Here’s our official update on the Fashion Police writer’s strike. It doesn’t include anything about lingering around the free samples table at Trader Joes, but just assume that is implied.
Since we Fashion Police writers went on strike last week our employer has falsely characterized the situation in the media as one which could be easily resolved if only those stubborn, unreasonable Fashion Police writers would agree to hold an election.
Here is our response:
The only possible purpose of holding an election would be to determine if a majority of Fashion Police writers wish to be represented by the Writers Guild of America in this matter. That determination has already been made. A majority of Fashion Police writers have contacted the company numerous times to indicate that they want to be represented by the Guild. A majority of Fashion Police writers have signed union cards indicating the same thing. And last week a majority of Fashion Police writers indicated their support by walking off the job in a collective action designed to force the Company to offer us, without further delay, a Guild contract. We are not interested in fighting over yet another means of demonstrating that we represent a majority of the Fashion Police writing staff. We are only interested in getting a union contract that would put a stop to our years of under-paid work and unpaid overtime and provide us with health care for our families. For the benefit of all concerned we urge you to stop dragging this out and contact our representatives at the WGA now to move this process forward.
Please don’t work my job while I strike.
Real scabs aren’t cute.
I just went on strike from my job writing for a highly rated cable TV show. That might mean the brilliant comedians I know here online or in real life will be asked to come in and replace the striking workers. There are tons of people that are so funny, and I’d LOVE to have you write on our show - I’ve even recommended some of you for the job in the past. And who knows - they might ask you to do it.
But while we strike you really shouldn’t work my job. Really really really.
DO NOT SCAB FOR FASHION POLICE.
Here is why:
1) Cable pay rates are F’d. The more shows that stand up and fight, the better the situation is going to get for everyone. If companies think they can get away with it (and they have) they will keep doing it. If you work the jobs when we’re on strike the company has no reason to fix the situation. We’re fighting not just for our jobs, but for future writers too. That is you, future writer.

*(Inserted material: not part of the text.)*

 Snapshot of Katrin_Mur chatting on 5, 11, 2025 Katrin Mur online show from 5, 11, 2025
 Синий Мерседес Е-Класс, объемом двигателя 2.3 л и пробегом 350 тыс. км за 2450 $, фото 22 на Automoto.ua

2) It’s not worth it. The whole point is we get paid shit. If you are good enough to work the job now, you’ll be good enough in a month. By that time, the pay rate for the exact same job could be 6 times as much. If you don’t wait, it might never get there. This is a high turnover job - people burn out or get other gigs. Hold off and you’ll still get it, just under better circumstances.
3) Working Rule 8. If working rule 8 is invoked, no WGA writers are allowed to work on a show. If you are not in the guild but hope to someday be, you should want to stand by them. They can and do ban people from ever joining for crossing a picket line.
4) Writers hire & writers remember. In most of the jobs I’ve gotten I’ve been recommended by other writers and hired by showrunners (people who used to just be writers). It’s in your best interest to create a reputation for standing WITH writers, and for being part of the team.
5) This is a union town. The few times I’ve been hired by non-writers, I’ve been hired by producers - who have their own union. Standing up for a union gains you respect from everyone. Even if you are someone who is distrustful of the inside organization of a union, the group of people that they represent are worth standing up for. Comcast is currently embroilled in fights with all kinds of unions - from the WGA to Communications workers. Don’t help them out.